En Allemagne, les grenades et les LBD ne sont quasiment jamais utilisés face à des manifestants. « Depuis les années 1970, les grenades sont réservées aux situations exceptionnelles – lorsqu’un policier a recours au gaz, c’est par le biais de sa bombe individuelle, constate Fabien Jobard, directeur de recherche au CNRS. Quant aux LBD, ils équipent uniquement les unités spéciales affectées aux prises d’otages et aux attaques terroristes. Même les organisations syndicales policières y sont hostiles : quand le syndicat policier conservateur a demandé des LBD, en 2008, le syndicat majoritaire s’y est clairement opposé et l’Allemagne en est restée là. »

Un modèle « autoritaire »

Plus armés que leurs homologues européens, les policiers français sont également enclins à accompagner leurs interpellations d’humiliations, d’insultes, voire de brutalités. A Paris, les brigades de répression des actions violentes motocyclistes (BRAV-M) se sont fait une spécialité de ces arrestations coups de poing. « Les policiers des pays voisins procèdent, eux aussi, à des interpellations dans les cortèges, précise Jacques de Maillard, professeur de science politique à l’université de Versailles-Saint-Quentin. Mais il n’y a pas, en Allemagne ou en Angleterre, d’unités spécialisées pratiquant l’arrestation musclée, voire l’intimidation – en tout cas pas avec une telle ampleur. »

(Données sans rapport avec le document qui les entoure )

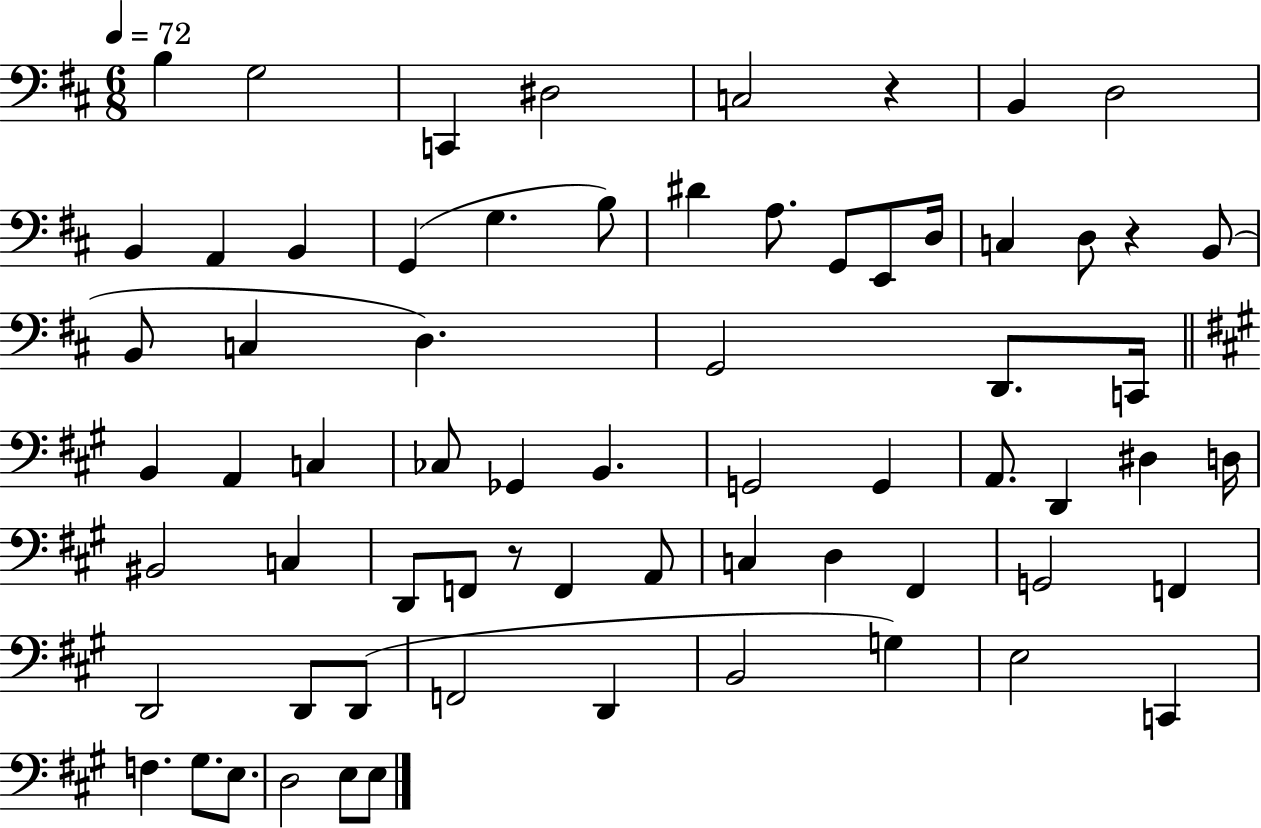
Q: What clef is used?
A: bass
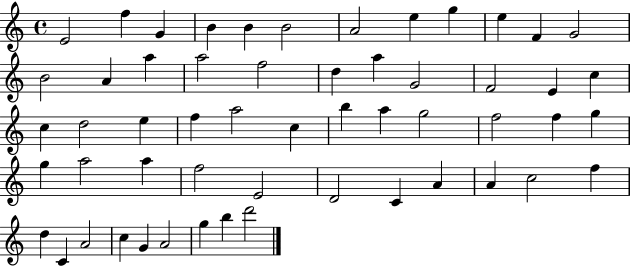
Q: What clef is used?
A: treble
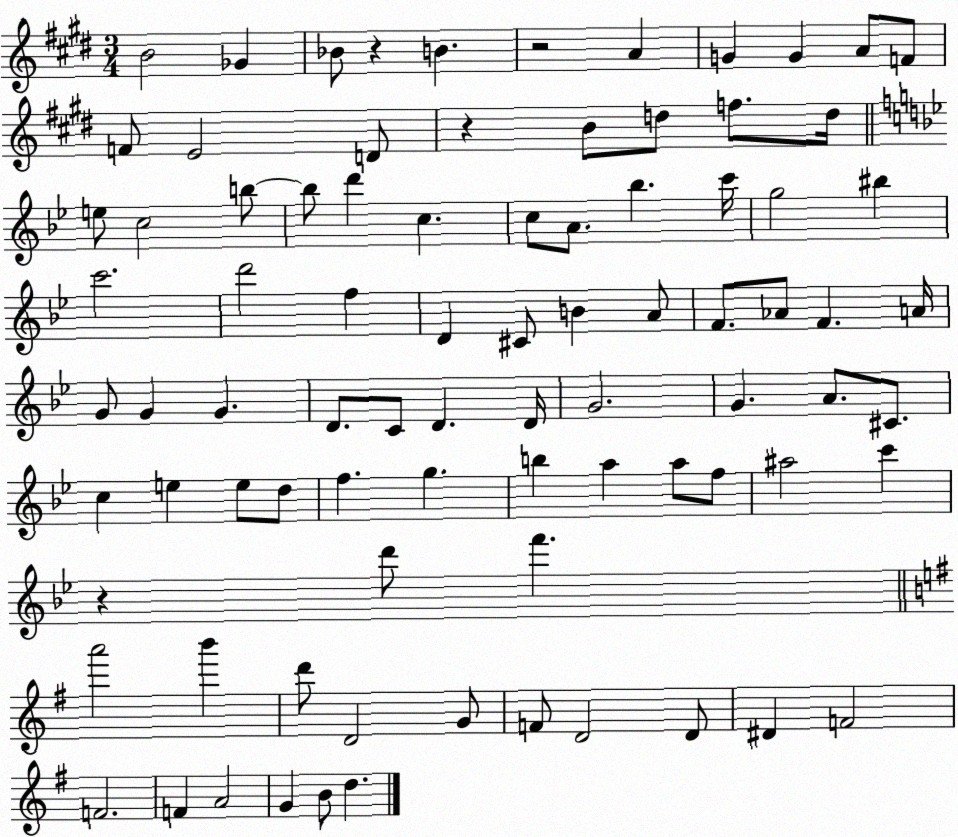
X:1
T:Untitled
M:3/4
L:1/4
K:E
B2 _G _B/2 z B z2 A G G A/2 F/2 F/2 E2 D/2 z B/2 d/2 f/2 d/4 e/2 c2 b/2 b/2 d' c c/2 A/2 _b c'/4 g2 ^b c'2 d'2 f D ^C/2 B A/2 F/2 _A/2 F A/4 G/2 G G D/2 C/2 D D/4 G2 G A/2 ^C/2 c e e/2 d/2 f g b a a/2 f/2 ^a2 c' z d'/2 f' a'2 b' d'/2 D2 G/2 F/2 D2 D/2 ^D F2 F2 F A2 G B/2 d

L’agressivité de ces unités chargées d’aller au corps-à-corps avec la foule est d’autant plus problématique qu’elles confondent souvent les manifestants et les black blocs. « Lorsque la police allemande procède à des arrestations dans la foule, elle cible avec précision les fauteurs de troubles, y compris dans des moments de grande tension, comme les affrontements du G20 de Hambourg, en 2017, analyse Fabien Jobard. En France, les brigades spécialisées interpellent de manière massive et indistincte, comme le montrent les nassages avec conduite systématique au poste, ou les nombreuses gardes à vue qui ne débouchent sur aucune poursuite. »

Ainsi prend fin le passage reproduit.